From the data below, repeat exactly the lines from the line with "Dr. Wack leštěnka" to the line with "DoubleStar AR-15 Complete Lower Parts Kit", both included.

DATA TO EXAMINE: Begin

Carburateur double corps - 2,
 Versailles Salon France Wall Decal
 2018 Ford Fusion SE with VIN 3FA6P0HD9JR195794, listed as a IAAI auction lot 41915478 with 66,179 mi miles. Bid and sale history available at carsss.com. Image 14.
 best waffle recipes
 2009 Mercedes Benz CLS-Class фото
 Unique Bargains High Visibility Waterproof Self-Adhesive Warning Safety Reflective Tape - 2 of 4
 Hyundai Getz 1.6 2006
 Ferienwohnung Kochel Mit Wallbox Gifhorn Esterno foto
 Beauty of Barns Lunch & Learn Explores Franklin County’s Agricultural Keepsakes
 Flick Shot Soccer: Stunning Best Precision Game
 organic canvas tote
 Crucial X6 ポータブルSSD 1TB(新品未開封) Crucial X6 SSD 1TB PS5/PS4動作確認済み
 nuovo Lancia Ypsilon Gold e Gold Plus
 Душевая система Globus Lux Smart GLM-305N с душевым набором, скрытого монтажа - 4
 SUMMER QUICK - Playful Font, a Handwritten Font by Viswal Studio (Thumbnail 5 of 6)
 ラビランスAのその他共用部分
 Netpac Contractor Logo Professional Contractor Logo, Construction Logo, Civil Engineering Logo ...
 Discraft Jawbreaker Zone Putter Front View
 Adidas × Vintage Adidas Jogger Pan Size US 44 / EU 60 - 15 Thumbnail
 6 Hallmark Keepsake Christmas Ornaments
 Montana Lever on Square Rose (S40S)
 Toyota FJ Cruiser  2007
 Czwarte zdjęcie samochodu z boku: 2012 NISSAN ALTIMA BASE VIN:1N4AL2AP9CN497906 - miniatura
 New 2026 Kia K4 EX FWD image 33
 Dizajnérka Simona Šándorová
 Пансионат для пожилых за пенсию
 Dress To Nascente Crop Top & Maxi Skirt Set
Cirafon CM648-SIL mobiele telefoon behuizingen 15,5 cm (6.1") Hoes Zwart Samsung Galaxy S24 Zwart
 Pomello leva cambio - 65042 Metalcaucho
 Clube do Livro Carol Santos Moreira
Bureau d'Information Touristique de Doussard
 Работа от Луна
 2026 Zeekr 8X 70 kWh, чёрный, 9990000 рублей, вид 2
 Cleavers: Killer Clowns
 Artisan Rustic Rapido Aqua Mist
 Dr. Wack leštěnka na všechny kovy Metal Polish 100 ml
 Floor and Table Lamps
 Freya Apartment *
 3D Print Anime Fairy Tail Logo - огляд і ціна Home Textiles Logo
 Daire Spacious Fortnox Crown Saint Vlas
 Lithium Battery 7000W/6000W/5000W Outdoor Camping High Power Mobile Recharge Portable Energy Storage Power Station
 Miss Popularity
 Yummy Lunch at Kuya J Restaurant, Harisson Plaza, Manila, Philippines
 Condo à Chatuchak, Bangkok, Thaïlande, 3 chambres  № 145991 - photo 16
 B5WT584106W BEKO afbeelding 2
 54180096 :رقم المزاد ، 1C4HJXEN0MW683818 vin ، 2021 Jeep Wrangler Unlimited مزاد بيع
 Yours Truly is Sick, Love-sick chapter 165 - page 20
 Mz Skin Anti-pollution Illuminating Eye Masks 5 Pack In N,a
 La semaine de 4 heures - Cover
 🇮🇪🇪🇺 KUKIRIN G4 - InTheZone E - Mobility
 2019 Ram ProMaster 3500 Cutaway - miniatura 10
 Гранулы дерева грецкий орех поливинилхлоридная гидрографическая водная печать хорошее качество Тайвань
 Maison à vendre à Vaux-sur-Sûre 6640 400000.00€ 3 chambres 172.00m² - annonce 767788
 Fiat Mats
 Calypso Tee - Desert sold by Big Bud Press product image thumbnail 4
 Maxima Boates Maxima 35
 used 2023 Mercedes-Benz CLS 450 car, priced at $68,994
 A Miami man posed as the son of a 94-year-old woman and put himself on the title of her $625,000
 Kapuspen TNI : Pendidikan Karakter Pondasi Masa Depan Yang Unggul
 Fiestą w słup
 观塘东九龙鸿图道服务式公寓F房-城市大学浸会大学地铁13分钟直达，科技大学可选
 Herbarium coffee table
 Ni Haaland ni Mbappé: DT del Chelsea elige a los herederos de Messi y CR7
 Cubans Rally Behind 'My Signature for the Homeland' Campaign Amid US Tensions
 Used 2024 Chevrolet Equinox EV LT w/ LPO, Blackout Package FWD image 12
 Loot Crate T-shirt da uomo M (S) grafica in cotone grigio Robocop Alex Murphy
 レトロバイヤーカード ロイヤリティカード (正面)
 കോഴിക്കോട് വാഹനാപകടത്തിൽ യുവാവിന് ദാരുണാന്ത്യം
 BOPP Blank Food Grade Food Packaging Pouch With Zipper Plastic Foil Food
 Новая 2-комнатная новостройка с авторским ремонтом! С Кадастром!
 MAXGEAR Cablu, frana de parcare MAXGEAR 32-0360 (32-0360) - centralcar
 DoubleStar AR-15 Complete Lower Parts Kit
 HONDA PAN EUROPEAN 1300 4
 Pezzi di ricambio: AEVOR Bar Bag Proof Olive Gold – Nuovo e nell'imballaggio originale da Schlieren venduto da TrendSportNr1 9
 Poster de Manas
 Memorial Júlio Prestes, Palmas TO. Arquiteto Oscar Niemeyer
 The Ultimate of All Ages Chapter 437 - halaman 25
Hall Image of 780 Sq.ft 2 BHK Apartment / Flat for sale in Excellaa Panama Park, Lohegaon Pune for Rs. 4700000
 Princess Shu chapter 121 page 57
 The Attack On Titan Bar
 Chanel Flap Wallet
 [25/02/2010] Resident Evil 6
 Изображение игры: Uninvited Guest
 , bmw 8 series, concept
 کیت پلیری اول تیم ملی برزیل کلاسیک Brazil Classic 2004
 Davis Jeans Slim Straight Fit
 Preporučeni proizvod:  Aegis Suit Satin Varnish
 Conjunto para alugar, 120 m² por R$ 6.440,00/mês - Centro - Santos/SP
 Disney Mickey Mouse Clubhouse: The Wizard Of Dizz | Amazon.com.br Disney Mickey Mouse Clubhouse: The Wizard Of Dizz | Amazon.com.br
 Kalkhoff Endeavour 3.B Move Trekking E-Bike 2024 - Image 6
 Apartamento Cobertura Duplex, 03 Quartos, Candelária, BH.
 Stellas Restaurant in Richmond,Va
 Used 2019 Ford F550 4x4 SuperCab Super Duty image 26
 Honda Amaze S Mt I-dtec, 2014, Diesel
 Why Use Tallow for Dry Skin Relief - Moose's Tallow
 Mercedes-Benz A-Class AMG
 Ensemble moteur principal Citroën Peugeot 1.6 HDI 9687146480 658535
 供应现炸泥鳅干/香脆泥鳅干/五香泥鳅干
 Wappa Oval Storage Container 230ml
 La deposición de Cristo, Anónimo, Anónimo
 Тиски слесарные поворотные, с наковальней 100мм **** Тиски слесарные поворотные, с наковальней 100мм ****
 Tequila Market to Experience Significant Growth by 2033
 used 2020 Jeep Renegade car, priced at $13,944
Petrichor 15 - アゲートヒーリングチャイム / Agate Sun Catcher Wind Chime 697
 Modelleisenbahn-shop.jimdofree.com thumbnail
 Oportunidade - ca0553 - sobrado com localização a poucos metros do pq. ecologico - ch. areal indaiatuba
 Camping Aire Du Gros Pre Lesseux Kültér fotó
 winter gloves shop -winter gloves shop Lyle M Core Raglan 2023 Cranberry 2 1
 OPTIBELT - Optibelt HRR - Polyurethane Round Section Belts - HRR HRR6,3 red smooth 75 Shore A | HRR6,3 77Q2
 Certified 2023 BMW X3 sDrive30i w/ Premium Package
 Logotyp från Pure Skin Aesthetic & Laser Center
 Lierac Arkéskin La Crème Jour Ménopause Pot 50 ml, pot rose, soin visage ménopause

DATA TO EXAMINE: End

• [TASK ANSWER]:
 Dr. Wack leštěnka na všechny kovy Metal Polish 100 ml
 Floor and Table Lamps
 Freya Apartment *
 3D Print Anime Fairy Tail Logo - огляд і ціна Home Textiles Logo
 Daire Spacious Fortnox Crown Saint Vlas
 Lithium Battery 7000W/6000W/5000W Outdoor Camping High Power Mobile Recharge Portable Energy Storage Power Station
 Miss Popularity
 Yummy Lunch at Kuya J Restaurant, Harisson Plaza, Manila, Philippines
 Condo à Chatuchak, Bangkok, Thaïlande, 3 chambres  № 145991 - photo 16
 B5WT584106W BEKO afbeelding 2
 54180096 :رقم المزاد ، 1C4HJXEN0MW683818 vin ، 2021 Jeep Wrangler Unlimited مزاد بيع
 Yours Truly is Sick, Love-sick chapter 165 - page 20
 Mz Skin Anti-pollution Illuminating Eye Masks 5 Pack In N,a
 La semaine de 4 heures - Cover
 🇮🇪🇪🇺 KUKIRIN G4 - InTheZone E - Mobility
 2019 Ram ProMaster 3500 Cutaway - miniatura 10
 Гранулы дерева грецкий орех поливинилхлоридная гидрографическая водная печать хорошее качество Тайвань
 Maison à vendre à Vaux-sur-Sûre 6640 400000.00€ 3 chambres 172.00m² - annonce 767788
 Fiat Mats
 Calypso Tee - Desert sold by Big Bud Press product image thumbnail 4
 Maxima Boates Maxima 35
 used 2023 Mercedes-Benz CLS 450 car, priced at $68,994
 A Miami man posed as the son of a 94-year-old woman and put himself on the title of her $625,000
 Kapuspen TNI : Pendidikan Karakter Pondasi Masa Depan Yang Unggul
 Fiestą w słup
 观塘东九龙鸿图道服务式公寓F房-城市大学浸会大学地铁13分钟直达，科技大学可选
 Herbarium coffee table
 Ni Haaland ni Mbappé: DT del Chelsea elige a los herederos de Messi y CR7
 Cubans Rally Behind 'My Signature for the Homeland' Campaign Amid US Tensions
 Used 2024 Chevrolet Equinox EV LT w/ LPO, Blackout Package FWD image 12
 Loot Crate T-shirt da uomo M (S) grafica in cotone grigio Robocop Alex Murphy
 レトロバイヤーカード ロイヤリティカード (正面)
 കോഴിക്കോട് വാഹനാപകടത്തിൽ യുവാവിന് ദാരുണാന്ത്യം
 BOPP Blank Food Grade Food Packaging Pouch With Zipper Plastic Foil Food
 Новая 2-комнатная новостройка с авторским ремонтом! С Кадастром!
 MAXGEAR Cablu, frana de parcare MAXGEAR 32-0360 (32-0360) - centralcar
 DoubleStar AR-15 Complete Lower Parts Kit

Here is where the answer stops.